I'm not sure I agree with that. I can tell the difference with one glance from the other side of the room! And _everyone_ can tell a difference the moment they run their fingers across the surface. Don't forget how _tactile_ wood is, most people can't resist touching wooden furniture surfaces, it's like we're hard wired to hold or stroke wood, which is why these distinctions may be subtle but they're still important.


----------



## RedMist (5 Feb 2017)

Hmm, the thought of learning planing appeals to me. The Stanley 80 scraper seems magical too. I fundamentally can't comprehend however how something the size of a plane could get a board flat when the board is maybe 8 times the width of the plane itself...

off to youtube i go !


----------



## ED65 (6 Feb 2017)

custard":1cvsf628 said:


> ED65":1cvsf628 said:
> 
> 
> > Flattening/smoothing the surface with a plane as best you can and then scraping and/or sanding to finish off is very commonly done. And 99 times out of 100 after finishing nobody could detect the difference between such a surface and one finished off by planing only.
> ...


Not sure if you missed the threads or the individual comments, this same has been argued here a number of times in the last couple of years (not sure if it's the most recent time but it came up during one of the mammoth threads about hand planing about a year ago). I've seen similar debates elsewhere and FWIW I've never seen good evidence presented on the planing > sanding end of the argument. Well planed > badly sanded certainly, but not over any possible quality of sanded surface.

Just to emphasise if needed: this is _after finishing_. 

In the naked wood it can be extremely easy to see the difference between a planed surface and one finished by sanding, as you say it's obvious from across a room. But as soon as the first coat of finish goes on most or all of that difference vanishes (and the more coats of finish go on the smaller any difference should become). 

As for a tactile difference, that's harder to argue one way or the other of course.
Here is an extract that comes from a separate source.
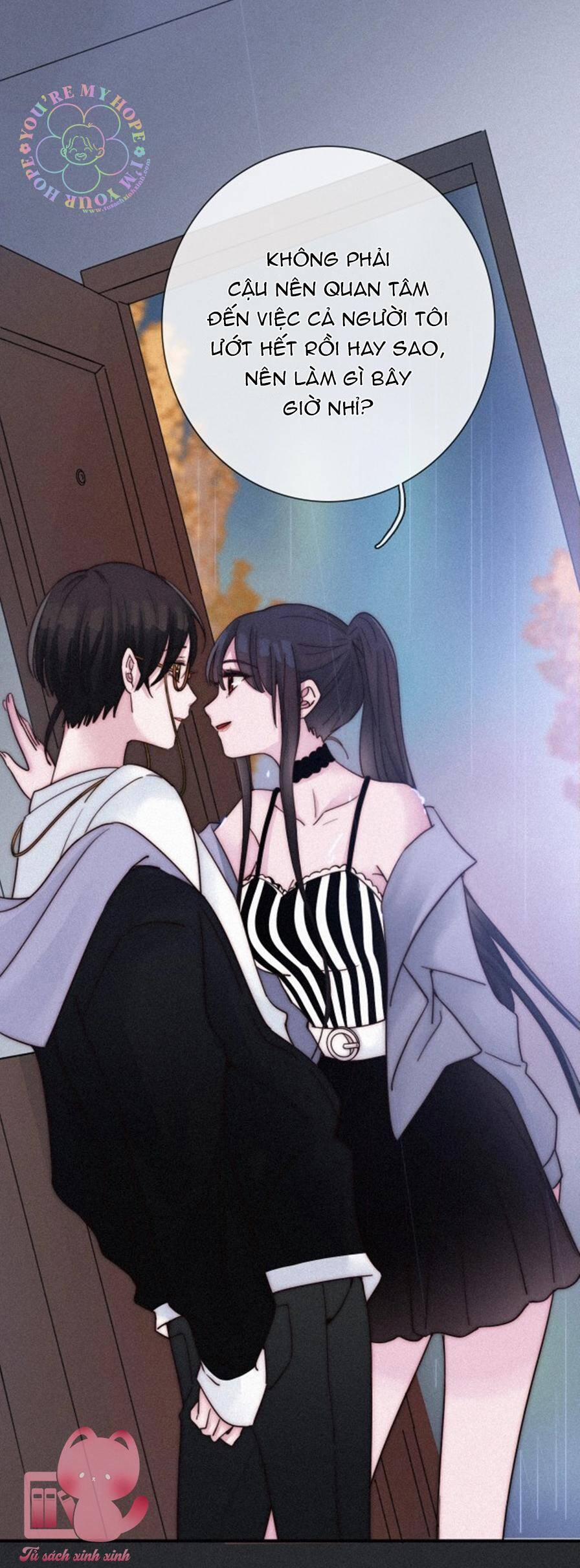 Hắc Dạ Hữu Sở Tư 58.2 trang 12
But speaking for myself with a film finish I can't tell them apart because I'm feeling finish, not wood, and there's no textural difference to transmit through that.


----------



## ED65 (6 Feb 2017)

RedMist":8p1qqvx6 said:


> Hmm, the thought of learning planing appeals to me. The Stanley 80 scraper seems magical too. I fundamentally can't comprehend however how something the size of a plane could get a board flat when the board is maybe 8 times the width of the plane itself...
> 
> off to youtube i go !


Don't neglect here though. There is tons of planing experience to draw from here, and a few of the posters here can give you info and tips that'll trump most of what you'd find on YouTube.

Not the YouTube is all bad of course, it's just that as with anywhere like that the quality is all over the map and it's likely that _most _of it is bad (Sturgeon's Law).


----------



## custard (9 Feb 2017)

ED65":1szwrxl0 said:


> to emphasise if needed: this is _after finishing_.
> 
> In the naked wood it can be extremely easy to see the difference between a planed surface and one finished by sanding, as you say it's obvious from across a room. But as soon as the first coat of finish goes on most or all of that difference vanishes (and the more coats of finish go on the smaller any difference should become).



I think you're getting mixed up.

Any surface texture is always _way_ more obvious with a finish than in the white.


----------



## bugbear (9 Feb 2017)

ED65":215amt9u said:


> Not the YouTube is all bad of course, it's just that as with anywhere like that the quality is all over the map and it's likely that _most _of it is bad (Sturgeon's Law).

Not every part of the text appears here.